▸ Raw data
━━━━━━━━━━━━━━━━

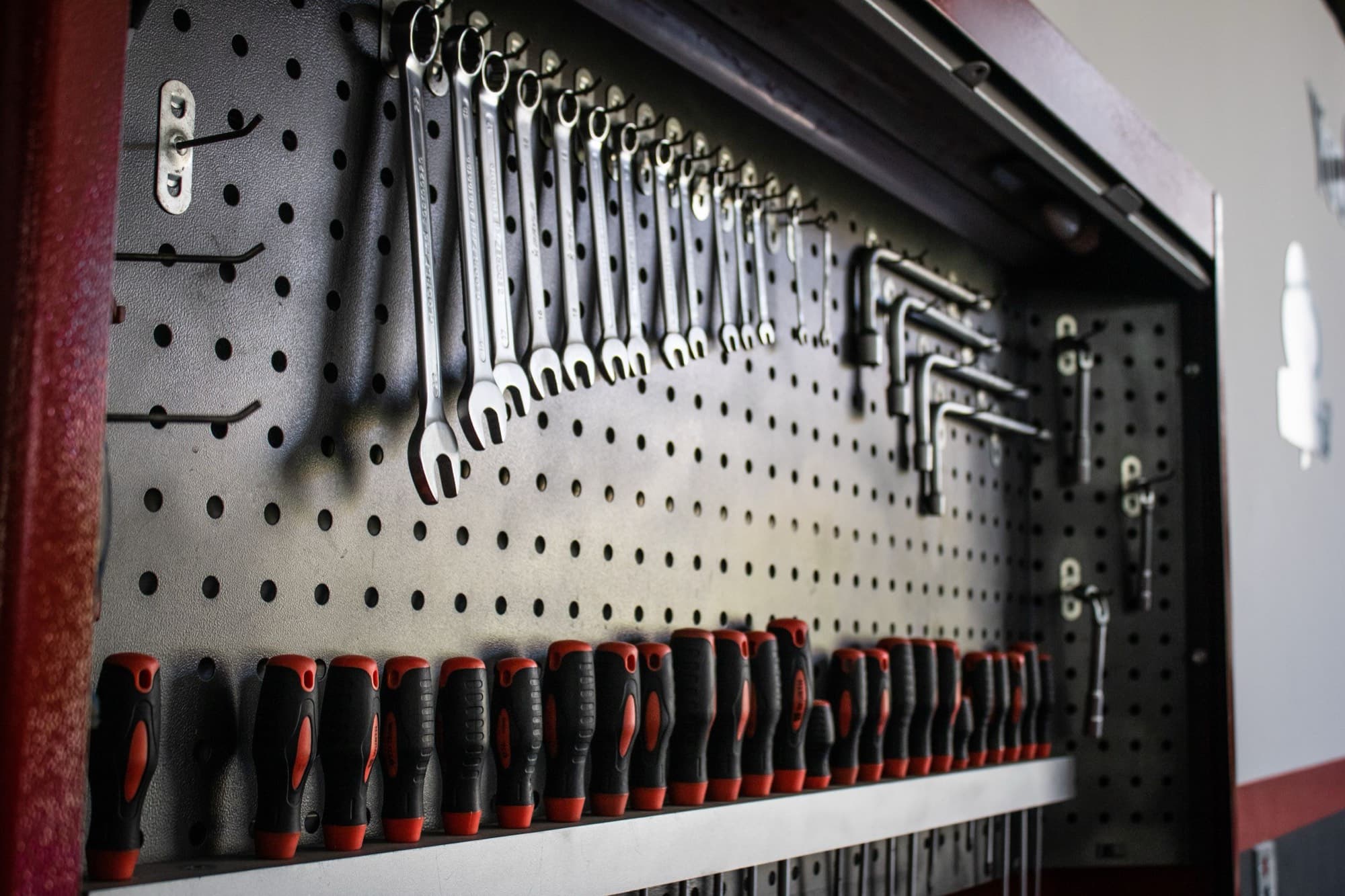 Pegboard tool wall with graduated combination wrenches, L-wrenches and a row of screwdrivers
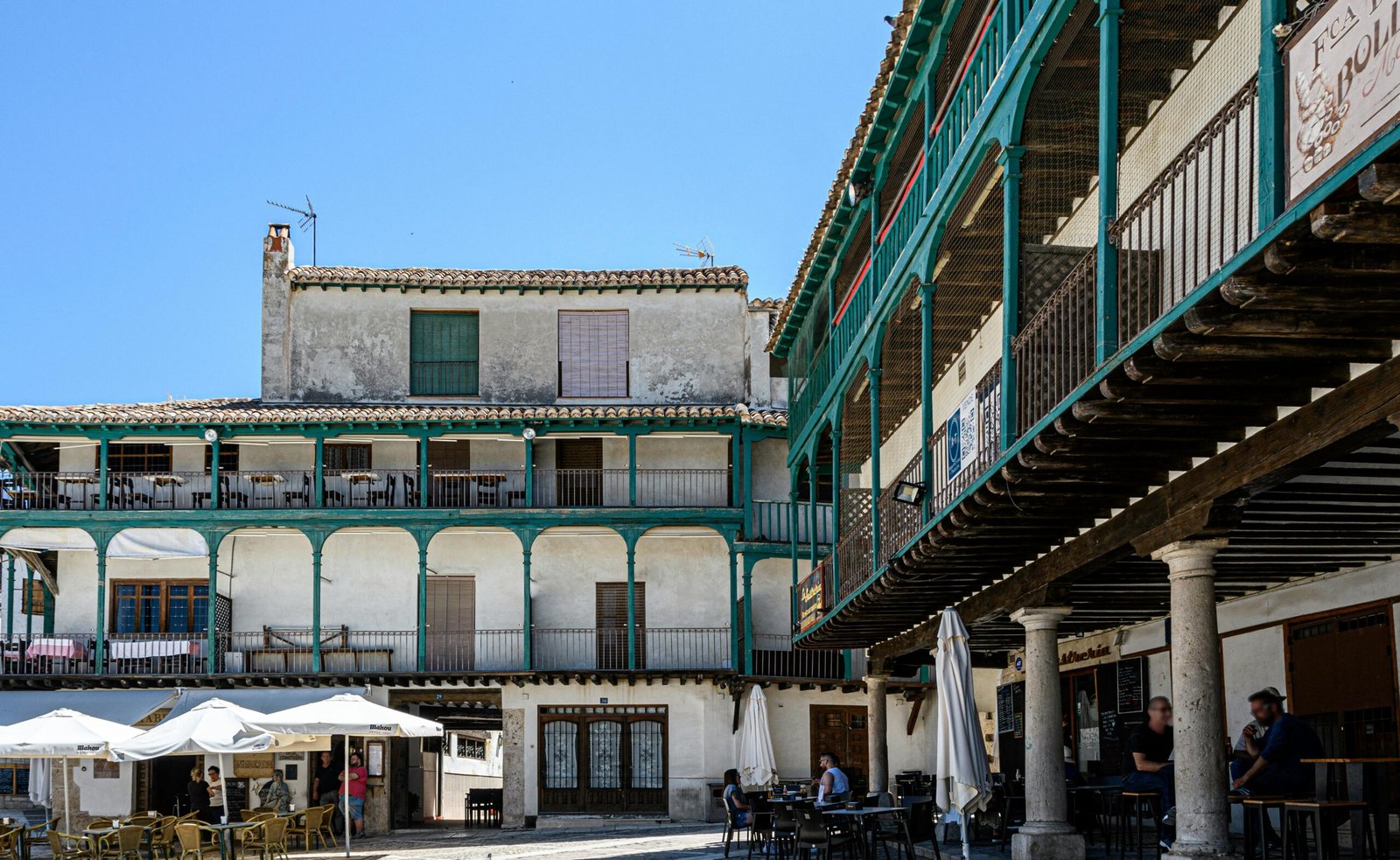 Explore the picturesque town square of Chinchón, Spain, featuring historic architecture and sunny ambiance.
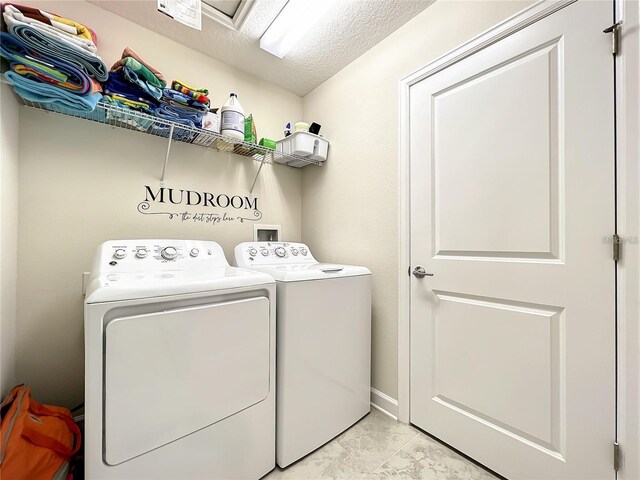 13041 Inkwell Aly, Winter Garden, FL 34787 - clothes washing area featuring separate washer and dryer, a textured ceiling, and laundry area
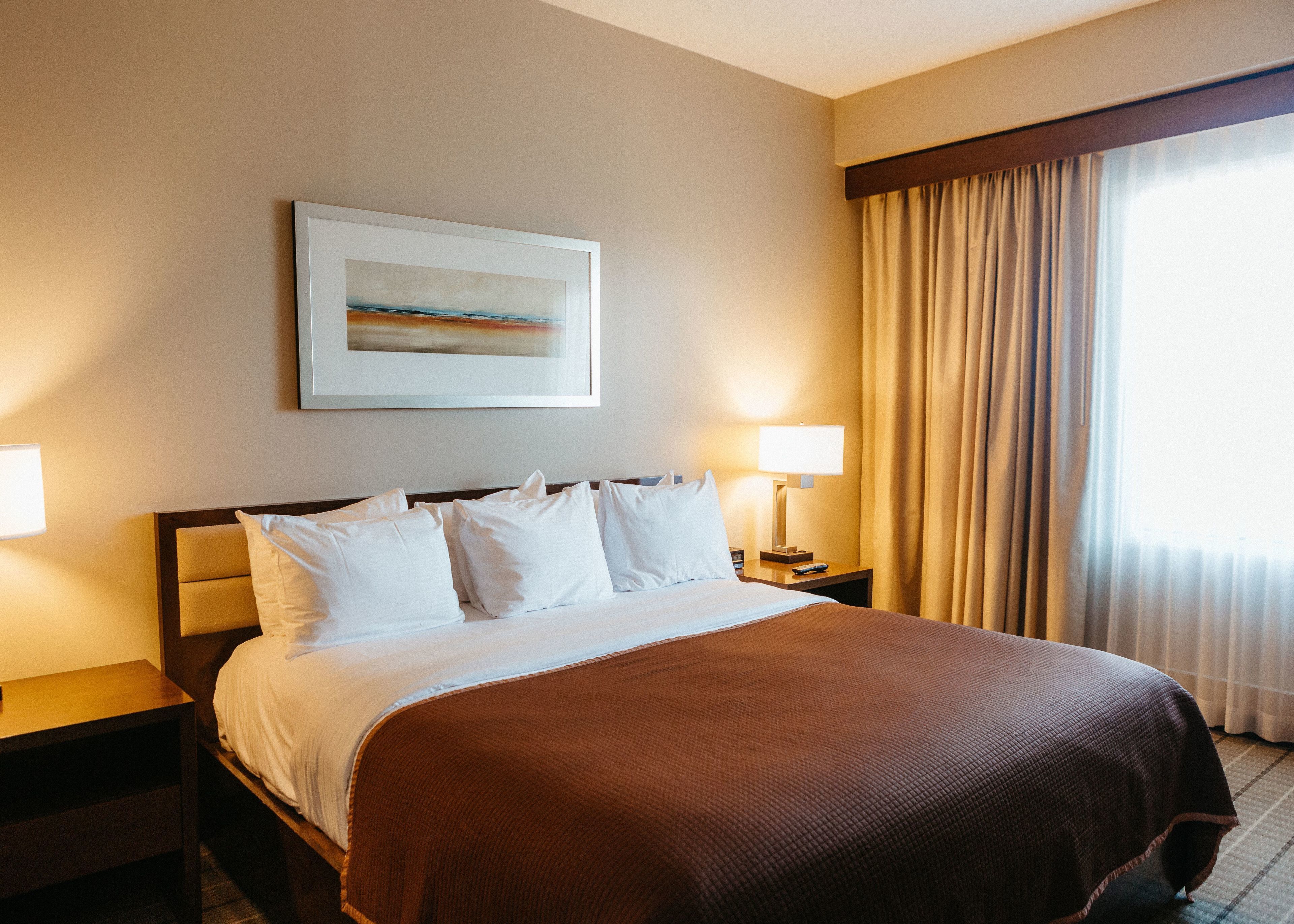 A hotel room with a large bed, two bedside tables, a framed picture on the wall, and a window with curtains.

━━━━━━━━━━━━━━━━

Output each line exactly as shown above; no pictures go in the copy.

▸ Final answer
 Pegboard tool wall with graduated combination wrenches, L-wrenches and a row of screwdrivers
 Explore the picturesque town square of Chinchón, Spain, featuring historic architecture and sunny ambiance.
 13041 Inkwell Aly, Winter Garden, FL 34787 - clothes washing area featuring separate washer and dryer, a textured ceiling, and laundry area
 A hotel room with a large bed, two bedside tables, a framed picture on the wall, and a window with curtains.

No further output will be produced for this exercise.